─── RECORDS FOR THIS EXERCISE ───

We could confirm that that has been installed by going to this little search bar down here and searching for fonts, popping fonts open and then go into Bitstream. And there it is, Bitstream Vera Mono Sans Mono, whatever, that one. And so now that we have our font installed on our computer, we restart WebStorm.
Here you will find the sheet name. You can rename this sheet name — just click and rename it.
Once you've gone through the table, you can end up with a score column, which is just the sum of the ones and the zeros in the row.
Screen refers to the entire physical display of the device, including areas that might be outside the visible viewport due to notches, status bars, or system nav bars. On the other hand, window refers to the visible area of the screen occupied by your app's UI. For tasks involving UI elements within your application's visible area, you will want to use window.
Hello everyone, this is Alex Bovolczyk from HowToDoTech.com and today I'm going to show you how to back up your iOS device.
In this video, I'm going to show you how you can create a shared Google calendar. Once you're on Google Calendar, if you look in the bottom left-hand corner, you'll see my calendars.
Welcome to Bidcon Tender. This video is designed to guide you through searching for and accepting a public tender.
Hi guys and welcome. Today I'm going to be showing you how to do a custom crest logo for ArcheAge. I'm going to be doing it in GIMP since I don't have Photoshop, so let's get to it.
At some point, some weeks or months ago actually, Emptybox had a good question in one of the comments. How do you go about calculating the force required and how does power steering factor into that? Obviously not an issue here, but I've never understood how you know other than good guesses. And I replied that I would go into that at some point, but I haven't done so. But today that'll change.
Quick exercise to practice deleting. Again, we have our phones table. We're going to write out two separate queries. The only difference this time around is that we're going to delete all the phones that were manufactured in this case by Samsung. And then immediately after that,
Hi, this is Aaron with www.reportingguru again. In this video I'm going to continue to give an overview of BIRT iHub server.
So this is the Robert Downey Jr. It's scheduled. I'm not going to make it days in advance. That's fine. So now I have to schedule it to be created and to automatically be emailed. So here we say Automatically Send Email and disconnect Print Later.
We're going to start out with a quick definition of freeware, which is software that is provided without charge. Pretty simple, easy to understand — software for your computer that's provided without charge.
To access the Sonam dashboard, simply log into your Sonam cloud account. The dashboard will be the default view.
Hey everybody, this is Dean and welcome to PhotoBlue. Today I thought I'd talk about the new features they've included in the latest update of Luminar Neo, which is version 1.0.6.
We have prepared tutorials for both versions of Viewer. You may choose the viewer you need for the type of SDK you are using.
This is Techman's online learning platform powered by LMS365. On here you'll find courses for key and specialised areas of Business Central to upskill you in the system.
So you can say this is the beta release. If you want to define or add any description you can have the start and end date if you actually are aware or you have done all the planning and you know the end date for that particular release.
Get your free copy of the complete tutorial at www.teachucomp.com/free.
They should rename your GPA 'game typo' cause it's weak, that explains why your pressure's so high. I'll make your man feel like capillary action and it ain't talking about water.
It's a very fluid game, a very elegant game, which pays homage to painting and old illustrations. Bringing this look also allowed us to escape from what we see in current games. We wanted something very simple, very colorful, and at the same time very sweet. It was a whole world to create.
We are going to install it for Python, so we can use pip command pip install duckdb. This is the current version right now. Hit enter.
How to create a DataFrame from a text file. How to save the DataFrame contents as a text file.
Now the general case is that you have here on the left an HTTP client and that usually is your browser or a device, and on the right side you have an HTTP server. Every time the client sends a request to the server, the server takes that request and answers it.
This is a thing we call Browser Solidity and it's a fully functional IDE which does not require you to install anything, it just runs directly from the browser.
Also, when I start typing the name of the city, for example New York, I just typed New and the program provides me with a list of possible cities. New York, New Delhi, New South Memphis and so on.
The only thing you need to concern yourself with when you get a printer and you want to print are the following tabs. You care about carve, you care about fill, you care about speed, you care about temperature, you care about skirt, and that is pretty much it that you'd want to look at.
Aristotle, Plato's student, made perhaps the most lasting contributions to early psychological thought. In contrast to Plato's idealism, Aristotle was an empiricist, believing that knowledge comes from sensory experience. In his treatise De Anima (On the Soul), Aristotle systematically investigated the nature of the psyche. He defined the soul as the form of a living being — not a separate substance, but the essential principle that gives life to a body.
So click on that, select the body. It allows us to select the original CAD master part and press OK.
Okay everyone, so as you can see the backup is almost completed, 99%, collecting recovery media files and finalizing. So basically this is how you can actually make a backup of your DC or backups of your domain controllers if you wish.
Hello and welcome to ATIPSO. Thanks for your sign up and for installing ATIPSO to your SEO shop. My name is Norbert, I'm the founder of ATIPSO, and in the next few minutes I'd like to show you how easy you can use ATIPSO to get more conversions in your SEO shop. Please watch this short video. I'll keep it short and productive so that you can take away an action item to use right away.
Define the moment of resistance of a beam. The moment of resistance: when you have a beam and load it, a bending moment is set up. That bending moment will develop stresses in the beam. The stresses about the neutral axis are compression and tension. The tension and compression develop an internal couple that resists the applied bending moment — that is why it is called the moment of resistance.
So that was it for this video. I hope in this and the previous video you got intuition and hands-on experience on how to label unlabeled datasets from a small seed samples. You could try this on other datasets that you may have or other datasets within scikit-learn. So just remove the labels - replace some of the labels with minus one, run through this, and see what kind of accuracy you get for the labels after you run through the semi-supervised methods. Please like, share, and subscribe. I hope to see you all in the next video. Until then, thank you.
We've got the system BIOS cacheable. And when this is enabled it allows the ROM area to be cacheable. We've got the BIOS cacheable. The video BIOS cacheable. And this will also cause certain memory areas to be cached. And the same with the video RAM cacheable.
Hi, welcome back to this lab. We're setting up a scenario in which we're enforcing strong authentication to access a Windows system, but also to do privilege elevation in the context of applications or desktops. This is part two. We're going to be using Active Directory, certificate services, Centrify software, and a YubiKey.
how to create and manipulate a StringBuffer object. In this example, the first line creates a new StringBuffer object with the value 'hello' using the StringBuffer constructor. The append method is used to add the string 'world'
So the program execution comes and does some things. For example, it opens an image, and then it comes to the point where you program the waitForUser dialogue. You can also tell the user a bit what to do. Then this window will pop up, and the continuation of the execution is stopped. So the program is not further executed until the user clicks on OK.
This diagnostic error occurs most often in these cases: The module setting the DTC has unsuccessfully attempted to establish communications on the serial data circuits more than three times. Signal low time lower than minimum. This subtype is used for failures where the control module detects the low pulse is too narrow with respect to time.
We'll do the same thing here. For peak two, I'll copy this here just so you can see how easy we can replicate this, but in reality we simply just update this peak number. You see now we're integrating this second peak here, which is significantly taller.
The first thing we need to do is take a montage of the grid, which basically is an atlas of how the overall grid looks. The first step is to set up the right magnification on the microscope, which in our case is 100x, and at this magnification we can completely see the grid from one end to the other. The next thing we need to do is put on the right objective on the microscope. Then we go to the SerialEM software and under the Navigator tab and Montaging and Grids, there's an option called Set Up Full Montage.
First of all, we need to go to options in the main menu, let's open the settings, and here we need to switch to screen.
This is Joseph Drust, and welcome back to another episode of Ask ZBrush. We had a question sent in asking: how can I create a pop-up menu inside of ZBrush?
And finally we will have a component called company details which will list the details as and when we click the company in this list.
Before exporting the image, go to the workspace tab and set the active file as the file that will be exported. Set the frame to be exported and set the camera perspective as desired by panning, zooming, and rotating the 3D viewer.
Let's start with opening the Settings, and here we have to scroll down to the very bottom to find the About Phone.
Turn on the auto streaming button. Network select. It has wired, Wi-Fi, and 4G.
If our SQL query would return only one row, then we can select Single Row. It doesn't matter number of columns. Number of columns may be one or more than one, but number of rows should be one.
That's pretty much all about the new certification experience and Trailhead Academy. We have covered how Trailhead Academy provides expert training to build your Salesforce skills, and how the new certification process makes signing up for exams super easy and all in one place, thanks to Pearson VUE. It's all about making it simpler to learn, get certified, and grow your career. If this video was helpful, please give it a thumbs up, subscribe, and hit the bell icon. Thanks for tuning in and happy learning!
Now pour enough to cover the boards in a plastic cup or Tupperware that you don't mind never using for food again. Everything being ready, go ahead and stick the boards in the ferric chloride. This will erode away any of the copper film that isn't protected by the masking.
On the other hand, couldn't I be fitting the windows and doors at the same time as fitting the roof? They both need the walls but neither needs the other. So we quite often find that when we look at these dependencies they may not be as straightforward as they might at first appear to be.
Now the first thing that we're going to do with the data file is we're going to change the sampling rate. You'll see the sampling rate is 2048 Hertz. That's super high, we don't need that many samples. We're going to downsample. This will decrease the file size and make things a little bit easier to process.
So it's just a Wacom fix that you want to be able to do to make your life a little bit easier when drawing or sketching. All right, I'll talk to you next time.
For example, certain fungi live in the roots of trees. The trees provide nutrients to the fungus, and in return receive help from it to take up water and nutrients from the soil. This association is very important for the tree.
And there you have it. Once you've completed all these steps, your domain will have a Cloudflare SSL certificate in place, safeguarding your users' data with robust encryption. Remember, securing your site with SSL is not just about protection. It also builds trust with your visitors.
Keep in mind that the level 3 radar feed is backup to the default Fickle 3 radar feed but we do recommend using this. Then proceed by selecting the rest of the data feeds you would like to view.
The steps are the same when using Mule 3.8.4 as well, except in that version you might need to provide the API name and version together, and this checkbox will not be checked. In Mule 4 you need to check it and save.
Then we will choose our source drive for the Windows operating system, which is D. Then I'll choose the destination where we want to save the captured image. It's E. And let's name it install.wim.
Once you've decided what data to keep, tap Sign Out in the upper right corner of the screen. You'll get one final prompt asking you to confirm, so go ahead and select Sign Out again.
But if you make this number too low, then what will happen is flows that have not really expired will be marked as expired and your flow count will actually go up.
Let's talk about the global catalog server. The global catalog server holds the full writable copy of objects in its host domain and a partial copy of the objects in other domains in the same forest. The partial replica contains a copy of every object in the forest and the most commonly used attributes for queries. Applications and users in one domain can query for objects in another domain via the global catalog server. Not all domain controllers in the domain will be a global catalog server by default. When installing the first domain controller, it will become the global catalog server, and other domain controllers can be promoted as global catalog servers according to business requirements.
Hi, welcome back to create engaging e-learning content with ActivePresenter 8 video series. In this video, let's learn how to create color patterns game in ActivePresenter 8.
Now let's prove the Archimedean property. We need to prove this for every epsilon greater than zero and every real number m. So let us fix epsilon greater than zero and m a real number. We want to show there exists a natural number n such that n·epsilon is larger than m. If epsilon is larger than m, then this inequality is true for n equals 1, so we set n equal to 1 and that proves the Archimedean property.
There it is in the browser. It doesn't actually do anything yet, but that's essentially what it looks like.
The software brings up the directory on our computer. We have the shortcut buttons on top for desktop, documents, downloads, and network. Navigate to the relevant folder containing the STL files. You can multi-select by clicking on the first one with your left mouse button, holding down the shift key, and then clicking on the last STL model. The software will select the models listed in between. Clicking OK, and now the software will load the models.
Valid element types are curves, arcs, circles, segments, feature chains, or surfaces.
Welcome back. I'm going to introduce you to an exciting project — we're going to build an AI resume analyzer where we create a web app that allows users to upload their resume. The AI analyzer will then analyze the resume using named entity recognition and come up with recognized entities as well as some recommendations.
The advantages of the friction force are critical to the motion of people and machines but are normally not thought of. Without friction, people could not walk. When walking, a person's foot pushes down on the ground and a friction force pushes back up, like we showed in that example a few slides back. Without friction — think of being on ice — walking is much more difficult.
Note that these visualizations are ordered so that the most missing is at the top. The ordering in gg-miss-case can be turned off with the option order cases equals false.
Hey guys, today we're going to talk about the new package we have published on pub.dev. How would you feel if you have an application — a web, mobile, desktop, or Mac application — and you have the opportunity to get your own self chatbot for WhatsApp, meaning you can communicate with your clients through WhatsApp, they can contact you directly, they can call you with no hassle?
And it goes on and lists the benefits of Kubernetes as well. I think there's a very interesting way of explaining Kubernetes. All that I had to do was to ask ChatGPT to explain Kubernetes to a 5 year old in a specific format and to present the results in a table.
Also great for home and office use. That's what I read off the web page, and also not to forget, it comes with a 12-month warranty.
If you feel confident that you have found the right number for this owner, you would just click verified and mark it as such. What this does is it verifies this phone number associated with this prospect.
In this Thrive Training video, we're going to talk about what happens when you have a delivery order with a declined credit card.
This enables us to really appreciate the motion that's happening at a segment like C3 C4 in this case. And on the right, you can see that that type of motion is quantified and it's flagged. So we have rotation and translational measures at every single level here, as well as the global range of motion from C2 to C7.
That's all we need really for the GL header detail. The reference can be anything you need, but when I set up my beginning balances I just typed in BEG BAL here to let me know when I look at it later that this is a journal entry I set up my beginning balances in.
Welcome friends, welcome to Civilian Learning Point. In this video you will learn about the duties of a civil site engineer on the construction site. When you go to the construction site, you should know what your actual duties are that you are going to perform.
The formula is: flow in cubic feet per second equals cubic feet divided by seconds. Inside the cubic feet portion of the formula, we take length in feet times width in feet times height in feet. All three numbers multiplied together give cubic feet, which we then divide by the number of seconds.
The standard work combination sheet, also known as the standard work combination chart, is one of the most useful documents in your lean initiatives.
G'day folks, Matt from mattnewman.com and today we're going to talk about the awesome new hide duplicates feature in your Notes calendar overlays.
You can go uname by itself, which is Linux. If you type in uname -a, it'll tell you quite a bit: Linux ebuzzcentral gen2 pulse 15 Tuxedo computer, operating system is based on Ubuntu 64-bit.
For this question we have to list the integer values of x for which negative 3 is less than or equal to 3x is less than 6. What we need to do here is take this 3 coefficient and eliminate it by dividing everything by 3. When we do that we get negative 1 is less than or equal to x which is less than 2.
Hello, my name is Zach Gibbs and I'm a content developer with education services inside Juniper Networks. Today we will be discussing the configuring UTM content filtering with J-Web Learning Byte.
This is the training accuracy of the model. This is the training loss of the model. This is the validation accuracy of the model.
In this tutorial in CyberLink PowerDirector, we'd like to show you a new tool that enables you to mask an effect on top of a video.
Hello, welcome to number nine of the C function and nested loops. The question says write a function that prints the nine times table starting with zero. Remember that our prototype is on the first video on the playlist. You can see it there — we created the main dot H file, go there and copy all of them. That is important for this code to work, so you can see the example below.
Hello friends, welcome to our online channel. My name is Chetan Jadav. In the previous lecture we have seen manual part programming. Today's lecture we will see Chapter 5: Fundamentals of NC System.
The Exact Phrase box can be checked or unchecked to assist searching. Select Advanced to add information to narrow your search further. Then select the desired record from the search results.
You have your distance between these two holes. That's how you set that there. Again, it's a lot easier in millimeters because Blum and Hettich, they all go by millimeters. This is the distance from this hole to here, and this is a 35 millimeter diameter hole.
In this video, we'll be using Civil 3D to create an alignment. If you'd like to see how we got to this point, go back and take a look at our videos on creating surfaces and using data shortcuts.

───

> _PROBLEM TO WORK ON_
Starting with the first line of the records above, give back each line exactly until the line with "Once you've gone" has been given as well.

> _ANSWER AREA_
We could confirm that that has been installed by going to this little search bar down here and searching for fonts, popping fonts open and then go into Bitstream. And there it is, Bitstream Vera Mono Sans Mono, whatever, that one. And so now that we have our font installed on our computer, we restart WebStorm.
Here you will find the sheet name. You can rename this sheet name — just click and rename it.
Once you've gone through the table, you can end up with a score column, which is just the sum of the ones and the zeros in the row.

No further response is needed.